WHAT YOU WILL DO: All of the data is to be printed again exactly as it appears.

DATASET RECORDS:

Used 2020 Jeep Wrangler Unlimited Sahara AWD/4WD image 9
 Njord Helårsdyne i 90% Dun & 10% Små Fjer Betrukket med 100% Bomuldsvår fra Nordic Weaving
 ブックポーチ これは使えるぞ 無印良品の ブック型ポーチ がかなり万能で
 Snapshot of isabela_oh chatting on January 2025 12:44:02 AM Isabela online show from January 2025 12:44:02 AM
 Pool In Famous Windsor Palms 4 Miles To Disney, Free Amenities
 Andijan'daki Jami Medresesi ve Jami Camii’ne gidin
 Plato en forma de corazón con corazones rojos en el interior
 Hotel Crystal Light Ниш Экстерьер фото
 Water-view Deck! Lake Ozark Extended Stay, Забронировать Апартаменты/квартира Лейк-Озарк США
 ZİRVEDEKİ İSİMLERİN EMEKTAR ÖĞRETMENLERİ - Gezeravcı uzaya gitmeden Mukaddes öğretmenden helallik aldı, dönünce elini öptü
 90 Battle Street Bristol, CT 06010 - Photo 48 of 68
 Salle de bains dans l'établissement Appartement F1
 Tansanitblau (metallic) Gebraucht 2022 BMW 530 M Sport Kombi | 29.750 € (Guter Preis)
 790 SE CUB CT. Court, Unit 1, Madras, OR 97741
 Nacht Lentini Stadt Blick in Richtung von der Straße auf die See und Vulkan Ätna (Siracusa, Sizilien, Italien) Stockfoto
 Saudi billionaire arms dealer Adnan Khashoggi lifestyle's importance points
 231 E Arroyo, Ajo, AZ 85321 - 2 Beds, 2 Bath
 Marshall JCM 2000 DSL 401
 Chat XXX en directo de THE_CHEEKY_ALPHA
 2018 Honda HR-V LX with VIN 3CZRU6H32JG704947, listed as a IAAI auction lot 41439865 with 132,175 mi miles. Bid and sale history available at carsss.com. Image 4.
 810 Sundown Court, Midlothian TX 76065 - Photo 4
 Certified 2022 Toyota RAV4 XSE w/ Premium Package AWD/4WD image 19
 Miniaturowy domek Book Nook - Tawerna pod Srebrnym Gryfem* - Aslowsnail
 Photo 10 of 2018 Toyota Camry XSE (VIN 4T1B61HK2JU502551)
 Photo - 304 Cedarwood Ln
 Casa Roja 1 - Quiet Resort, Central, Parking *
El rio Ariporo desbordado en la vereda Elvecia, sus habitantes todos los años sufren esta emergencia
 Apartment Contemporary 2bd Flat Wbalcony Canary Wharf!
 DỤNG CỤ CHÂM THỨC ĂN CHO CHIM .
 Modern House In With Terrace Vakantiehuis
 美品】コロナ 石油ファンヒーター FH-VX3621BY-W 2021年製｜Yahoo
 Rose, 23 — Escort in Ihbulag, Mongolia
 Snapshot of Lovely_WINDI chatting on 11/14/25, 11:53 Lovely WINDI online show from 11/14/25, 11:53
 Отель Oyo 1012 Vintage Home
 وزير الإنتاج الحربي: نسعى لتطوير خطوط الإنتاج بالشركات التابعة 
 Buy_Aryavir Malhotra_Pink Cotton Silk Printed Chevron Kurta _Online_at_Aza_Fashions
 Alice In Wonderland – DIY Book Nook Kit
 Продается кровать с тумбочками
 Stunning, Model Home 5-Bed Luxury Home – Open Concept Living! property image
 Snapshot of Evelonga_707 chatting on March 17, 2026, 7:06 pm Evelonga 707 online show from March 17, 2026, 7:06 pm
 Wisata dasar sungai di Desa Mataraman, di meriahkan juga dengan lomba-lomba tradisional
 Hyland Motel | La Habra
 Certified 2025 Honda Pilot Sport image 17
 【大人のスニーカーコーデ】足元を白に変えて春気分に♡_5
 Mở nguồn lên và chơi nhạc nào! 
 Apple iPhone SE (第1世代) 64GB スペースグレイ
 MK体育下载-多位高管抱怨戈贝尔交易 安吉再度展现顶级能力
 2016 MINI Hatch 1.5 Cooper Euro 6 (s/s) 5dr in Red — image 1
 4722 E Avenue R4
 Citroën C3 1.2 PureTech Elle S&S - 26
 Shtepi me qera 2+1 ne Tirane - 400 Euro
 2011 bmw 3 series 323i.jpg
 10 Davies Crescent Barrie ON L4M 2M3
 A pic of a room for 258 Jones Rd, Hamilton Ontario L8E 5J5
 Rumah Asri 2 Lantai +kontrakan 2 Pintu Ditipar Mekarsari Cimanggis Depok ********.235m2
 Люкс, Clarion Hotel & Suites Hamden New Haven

SOLVED EXERCISE:
Used 2020 Jeep Wrangler Unlimited Sahara AWD/4WD image 9
 Njord Helårsdyne i 90% Dun & 10% Små Fjer Betrukket med 100% Bomuldsvår fra Nordic Weaving
 ブックポーチ これは使えるぞ 無印良品の ブック型ポーチ がかなり万能で
 Snapshot of isabela_oh chatting on January 2025 12:44:02 AM Isabela online show from January 2025 12:44:02 AM
 Pool In Famous Windsor Palms 4 Miles To Disney, Free Amenities
 Andijan'daki Jami Medresesi ve Jami Camii’ne gidin
 Plato en forma de corazón con corazones rojos en el interior
 Hotel Crystal Light Ниш Экстерьер фото
 Water-view Deck! Lake Ozark Extended Stay, Забронировать Апартаменты/квартира Лейк-Озарк США
 ZİRVEDEKİ İSİMLERİN EMEKTAR ÖĞRETMENLERİ - Gezeravcı uzaya gitmeden Mukaddes öğretmenden helallik aldı, dönünce elini öptü
 90 Battle Street Bristol, CT 06010 - Photo 48 of 68
 Salle de bains dans l'établissement Appartement F1
 Tansanitblau (metallic) Gebraucht 2022 BMW 530 M Sport Kombi | 29.750 € (Guter Preis)
 790 SE CUB CT. Court, Unit 1, Madras, OR 97741
 Nacht Lentini Stadt Blick in Richtung von der Straße auf die See und Vulkan Ätna (Siracusa, Sizilien, Italien) Stockfoto
 Saudi billionaire arms dealer Adnan Khashoggi lifestyle's importance points
 231 E Arroyo, Ajo, AZ 85321 - 2 Beds, 2 Bath
 Marshall JCM 2000 DSL 401
 Chat XXX en directo de THE_CHEEKY_ALPHA
 2018 Honda HR-V LX with VIN 3CZRU6H32JG704947, listed as a IAAI auction lot 41439865 with 132,175 mi miles. Bid and sale history available at carsss.com. Image 4.
 810 Sundown Court, Midlothian TX 76065 - Photo 4
 Certified 2022 Toyota RAV4 XSE w/ Premium Package AWD/4WD image 19
 Miniaturowy domek Book Nook - Tawerna pod Srebrnym Gryfem* - Aslowsnail
 Photo 10 of 2018 Toyota Camry XSE (VIN 4T1B61HK2JU502551)
 Photo - 304 Cedarwood Ln
 Casa Roja 1 - Quiet Resort, Central, Parking *
El rio Ariporo desbordado en la vereda Elvecia, sus habitantes todos los años sufren esta emergencia
 Apartment Contemporary 2bd Flat Wbalcony Canary Wharf!
 DỤNG CỤ CHÂM THỨC ĂN CHO CHIM .
 Modern House In With Terrace Vakantiehuis
 美品】コロナ 石油ファンヒーター FH-VX3621BY-W 2021年製｜Yahoo
 Rose, 23 — Escort in Ihbulag, Mongolia
 Snapshot of Lovely_WINDI chatting on 11/14/25, 11:53 Lovely WINDI online show from 11/14/25, 11:53
 Отель Oyo 1012 Vintage Home
 وزير الإنتاج الحربي: نسعى لتطوير خطوط الإنتاج بالشركات التابعة 
 Buy_Aryavir Malhotra_Pink Cotton Silk Printed Chevron Kurta _Online_at_Aza_Fashions
 Alice In Wonderland – DIY Book Nook Kit
 Продается кровать с тумбочками
 Stunning, Model Home 5-Bed Luxury Home – Open Concept Living! property image
 Snapshot of Evelonga_707 chatting on March 17, 2026, 7:06 pm Evelonga 707 online show from March 17, 2026, 7:06 pm
 Wisata dasar sungai di Desa Mataraman, di meriahkan juga dengan lomba-lomba tradisional
 Hyland Motel | La Habra
 Certified 2025 Honda Pilot Sport image 17
 【大人のスニーカーコーデ】足元を白に変えて春気分に♡_5
 Mở nguồn lên và chơi nhạc nào! 
 Apple iPhone SE (第1世代) 64GB スペースグレイ
 MK体育下载-多位高管抱怨戈贝尔交易 安吉再度展现顶级能力
 2016 MINI Hatch 1.5 Cooper Euro 6 (s/s) 5dr in Red — image 1
 4722 E Avenue R4
 Citroën C3 1.2 PureTech Elle S&S - 26
 Shtepi me qera 2+1 ne Tirane - 400 Euro
 2011 bmw 3 series 323i.jpg
 10 Davies Crescent Barrie ON L4M 2M3
 A pic of a room for 258 Jones Rd, Hamilton Ontario L8E 5J5
 Rumah Asri 2 Lantai +kontrakan 2 Pintu Ditipar Mekarsari Cimanggis Depok ********.235m2
 Люкс, Clarion Hotel & Suites Hamden New Haven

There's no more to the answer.